**WHAT IS REQUIRED**
The entries below contain a line with "Suzuki Vitara 1.4" and a line with "Ors Lock Twist". Quote exactly those two lines and all lines between them.

**DATA SUPPLIED**
-------------------------
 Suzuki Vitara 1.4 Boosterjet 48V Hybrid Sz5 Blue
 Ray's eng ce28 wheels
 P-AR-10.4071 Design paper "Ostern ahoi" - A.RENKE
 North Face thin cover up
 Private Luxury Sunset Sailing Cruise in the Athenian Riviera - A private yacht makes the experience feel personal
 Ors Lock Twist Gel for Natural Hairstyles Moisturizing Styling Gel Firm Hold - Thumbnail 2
-------------------------
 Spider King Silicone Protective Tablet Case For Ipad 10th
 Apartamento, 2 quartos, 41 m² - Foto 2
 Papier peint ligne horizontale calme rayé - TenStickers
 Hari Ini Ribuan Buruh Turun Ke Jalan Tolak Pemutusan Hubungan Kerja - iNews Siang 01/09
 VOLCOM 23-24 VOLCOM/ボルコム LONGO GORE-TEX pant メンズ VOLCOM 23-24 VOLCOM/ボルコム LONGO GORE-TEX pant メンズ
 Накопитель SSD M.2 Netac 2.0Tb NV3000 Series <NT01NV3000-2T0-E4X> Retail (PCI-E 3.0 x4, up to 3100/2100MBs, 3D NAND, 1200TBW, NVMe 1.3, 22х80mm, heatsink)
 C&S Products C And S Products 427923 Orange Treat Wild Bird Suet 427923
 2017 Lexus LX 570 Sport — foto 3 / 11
-------------------------
**TASK RESPONSE**
 Suzuki Vitara 1.4 Boosterjet 48V Hybrid Sz5 Blue
 Ray's eng ce28 wheels
 P-AR-10.4071 Design paper "Ostern ahoi" - A.RENKE
 North Face thin cover up
 Private Luxury Sunset Sailing Cruise in the Athenian Riviera - A private yacht makes the experience feel personal
 Ors Lock Twist Gel for Natural Hairstyles Moisturizing Styling Gel Firm Hold - Thumbnail 2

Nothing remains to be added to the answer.